Se analisarmos os países desenvolvidos, descobrimos um ponto de contato: em nenhum desses países, suas respectivas Cortes Supremas são personagens sociais centrais, protagônicos, e muito menos ainda seus ministros julgadores integrantes do tribunal. Desse modo, nenhum magistrado, mais ainda de Suprema Corte, pode ser tratado como um “popstar”, uma figura pública no sentido midiático do termo.
Isso se prende ao fato de que os grandes temas de interesse da sociedade, as grandes discussões, em tais países, se estabelecem no parlamento, a casa da democracia por excelência, vocação e natureza. Afinal, deputados e senadores são escolhidos pelo povo, Ministros de Suprema Corte não. E o sistema funciona assim mesmo: o Poder Judiciário não tem o compromisso de atender a vontade popular, mas aplicar as leis e, no caso do STF, proteger e prestigiar a Constituição Federal .
Futuro
O que virá pela frente não há como prever e só isso, apenas essa insegurança informativa sobre a atuação futura de uma instituição fundamental como é o caso do STF, já é em si algo preocupante.

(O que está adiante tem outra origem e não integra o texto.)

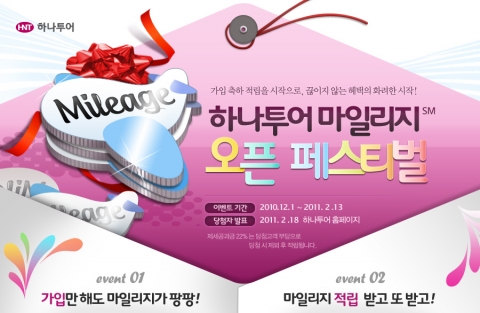 하나투어, 모든 여행상품에 하나투어 마일리지 제공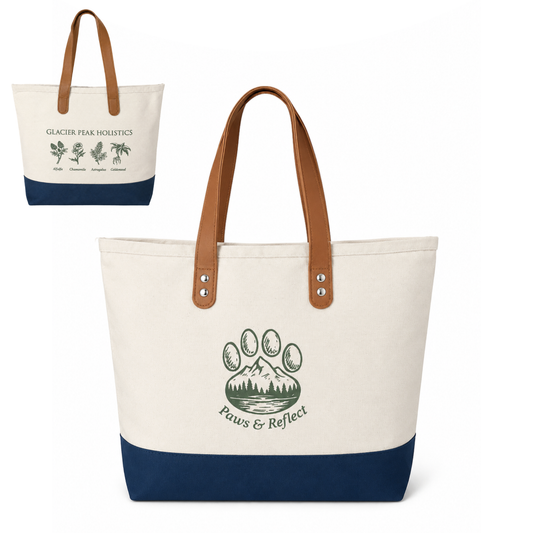 Glacier Peak Holistics Paws & Reflect Tote Bag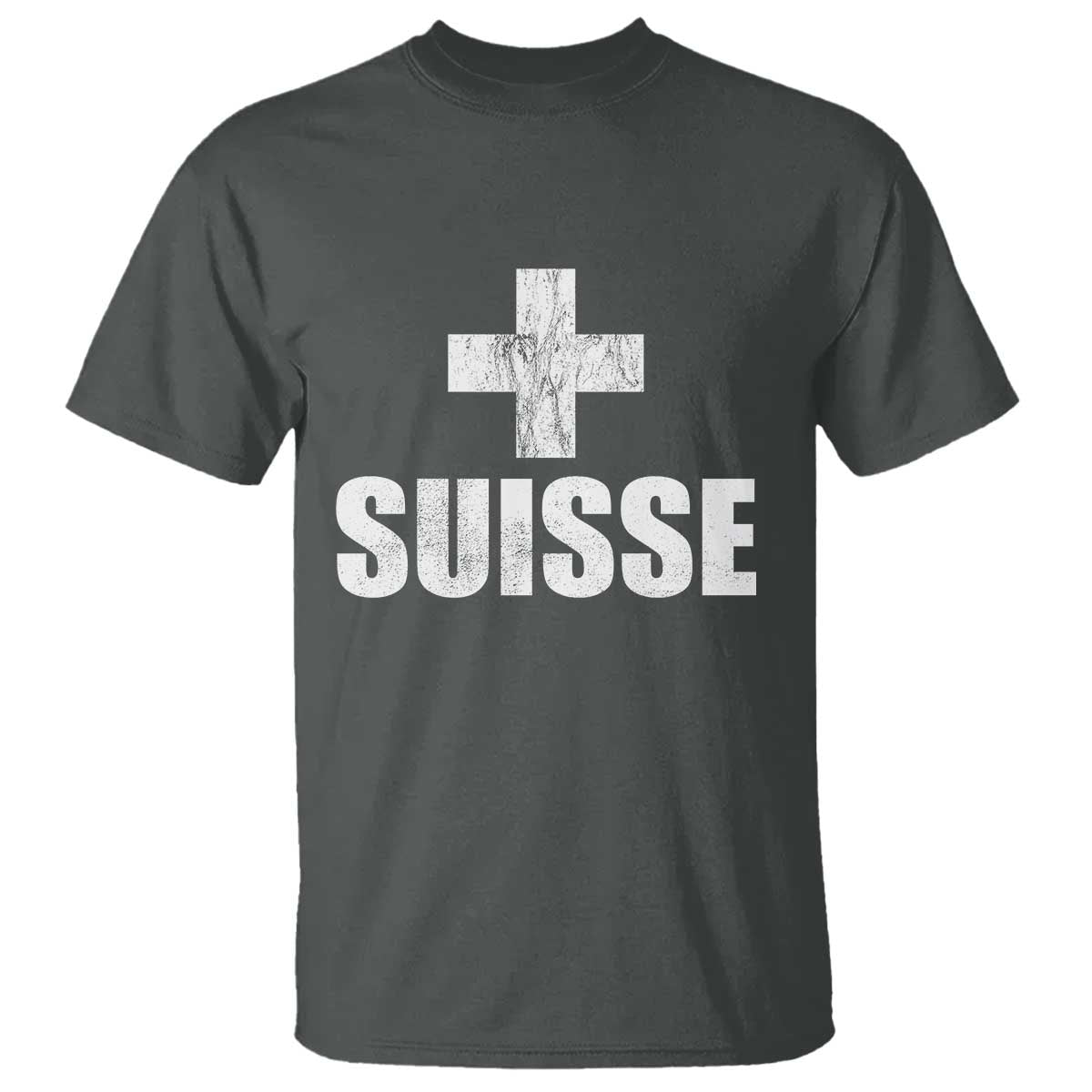Suisse Swiss French Vintage Cross Flag Switzerland Roots T Shirt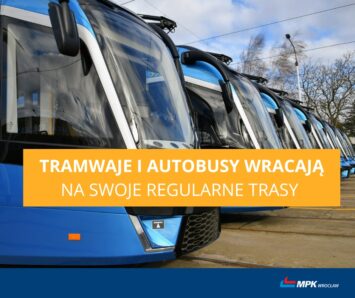 Zakończenie remontów torowisk na ul. Szczytnickiej, Kazimierza Wielkiego i Powstańców Śląskich. Tramwaje wracają na swoje regularne trasy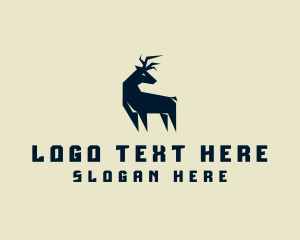 Wild Deer Animal logo design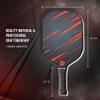 JP WinLook Pickleball Paddles Set - Fiberglass Rackets for Beginners to Professional Skill Levels - for Indoor or Outdoor Play - Includes 2 Premium Racquets, 3 Pickleballs, & a Carrying Bag view 4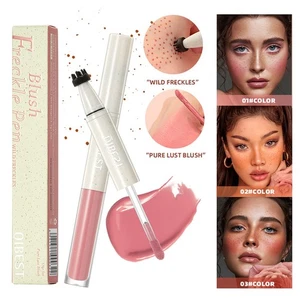 Freckle Sponge Seal Cheek Lip Eye Blush Liquid Blush Facial Rouge Peach  - Picture 1 of 19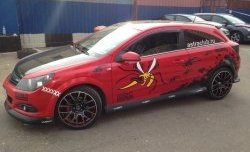4 749 р. Накладка переднего бампера Global Tuning Opel Astra H GTC хэтчбек 3 дв. рестайлинг (2006-2011) (Неокрашенная)  с доставкой в г. Майкоп. Увеличить фотографию 10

Se uma Suprema Corte não deve ser protagônica e invasiva no tocante às relações sociais, tampouco pode ser imprevisível quando se analisa suas ações, presentes e futuras.
Por fim, há quem comemore esse estado de coisas e o faz principalmente por aspectos subjetivos, como “eu não gosto mesmo de quem está sofrendo as consequências disso tudo”. Contudo, o Estado de Direito e todos os elementos que o integram, como o devido processo legal, direito a ampla defesa e contraditório, duplo grau de jurisdição, vedação de uso de provas obtidas de forma ilícita, e outros mais, foi criado justamente para substituir o modelo estatal anterior, em que a sociedade, ao cabo e ao fim, se submetia às vontades, caprichos e decisões de um rei absolutista.
O governante e, como é o caso, um magistrado, por mais bem intencionado que seja ou possa vir a ser, não pode agir em substituição à manifestação da vontade popular que não se expressa em Tribunal nenhum, mas nas casas legislativas de todo o país, Congresso Nacional, Assembleias Legislativas e Câmaras Municipais. Aos Tribunais toca julgar os casos postos sob seus cuidados, aplicando as leis aprovadas pelo Legislativo. Essa estrutura é simples, é até singela, mas é também fundamental para se manter garantias importantíssimas que evitem o arbítrio e os abusos, ainda, como já dito, que supostamente carregados de boas intenções.